エバレット氏は現在、京都近郊で滋賀県の月心寺に居を構えながら、1860年代に作られた古いカメラとレンズを使って、自身が「タイムマシン」と呼ぶこの湿板光画の技法で時を超えた日本の記録に取り組んでいる。

生まれはアメリカのワシントンD.C.で、若い頃に世界中を旅して回り、29歳の時に日本に移住し、一時はEPA通信社日本支局長を務めていたが、今は元公家の近衛忠大氏らと設立した会所プロジェクト理事、京都府観光推進顧問、IBMビジネス&カルチャーリーダー会議世話人、日本文化デザインフォーラム幹事、駐日アメリカ大使館写真講師を務めるなど精力的な活動を続けている。

その作品は、NHK、ナショナル・ジオグラフィック、ニューヨーク・タイムズ、CNN、ル・モンドなど国内外のメディアに数多く取り上げられている。

なぜアメリカ生まれのエバレット氏が日本で湿板写真家になるに至ったのか、そこには長い物語があったのだと思うが、恐らくは、幕末にペリーと共に黒船で来航し、国内で初めて日本人を撮影した写真家エリファレット・ブラウンJr.が、エバレット氏の遠い先祖に当たることと関係があるのだろう。

そうしたエバレット氏が、1988年に日本に移住してから30年間にわたって絶えず「日本とは何か?」を考え続けてきたひとつの到達点が本書である。

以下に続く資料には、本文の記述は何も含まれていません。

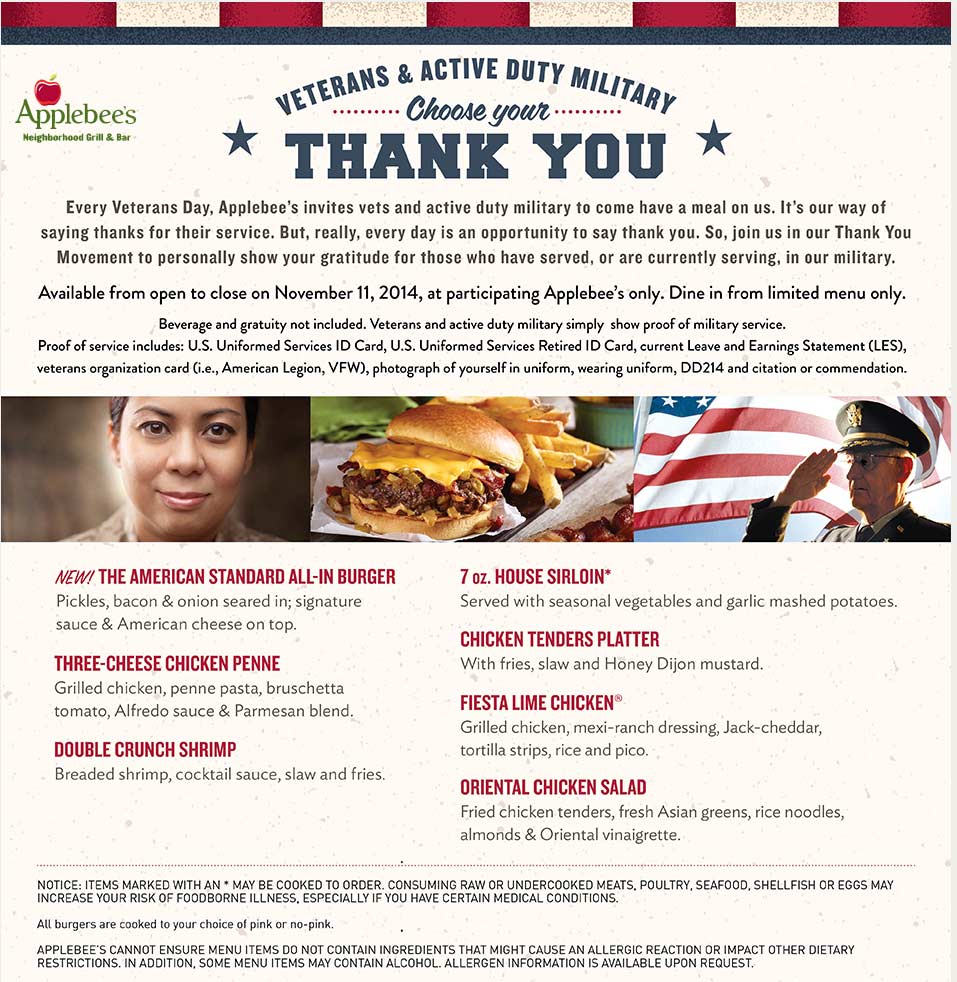 Applebees Coupon April 2024 Veterans & active enjoy a free meal Tuesday at Applebees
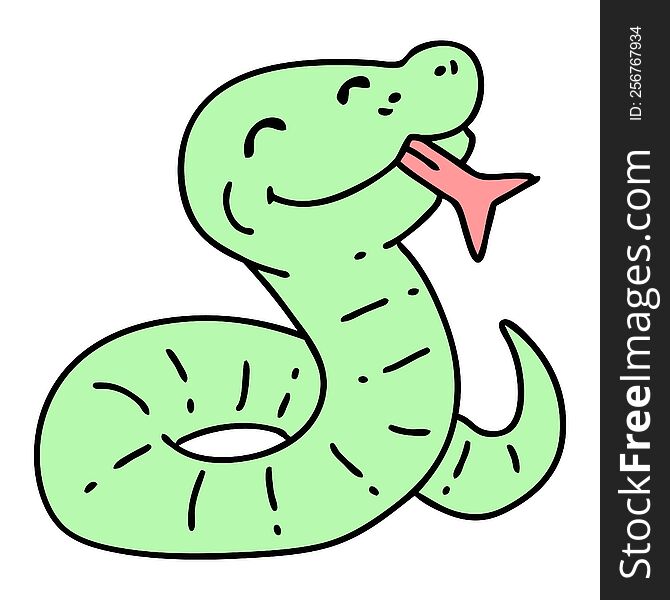 cartoon of a happy snake. cartoon of a happy snake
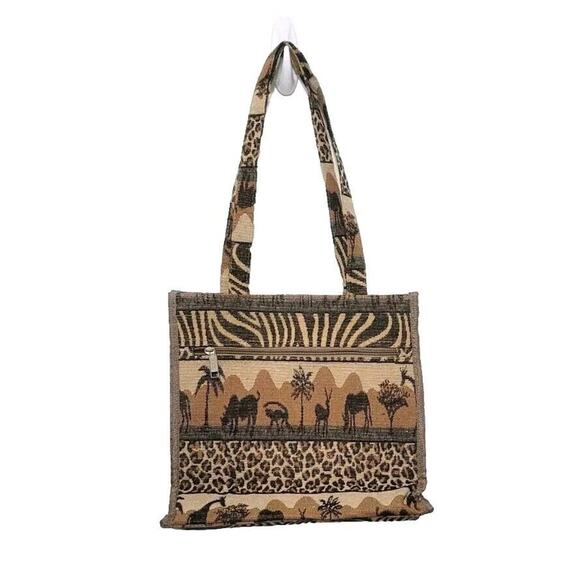 JADE African Safari Print Tapestry Tote Shoulder Bag W/ Coin Bag Shopping Travel - Picture 2 of 13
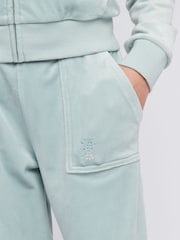 Juicy Couture Blue Girls Diamante Wide Leg Joggers - Image 4 of 7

エバレット氏が「今の日本文化は、あまりにも本流から離れすぎている。明治以来の支流に迷い込み、袋小路に突き当たって、腐った水の瘴気(しょうき)に悩まされながら、出口を探してウロウロしているように見える。この袋小路から抜け出すには、まず本流に戻ってみることが必要ではないだろうか」と書いているように、西欧近代文明を模範にして構築された近代日本社会は、明治維新以降、自然と人間の関係性、人間同士の関係性、先代から受け継がれた生きる作法など、あらゆる関係性を断ち切ってきた。

そして、今の日本の迷走ぶりは、「明治維新後の日本」と「第二次大戦敗戦後の日本」という、国策によって作られた二つの人工的な「日本」が、日本古来の伝統であり本質だと思い込んでいるところにその原因があるように思う。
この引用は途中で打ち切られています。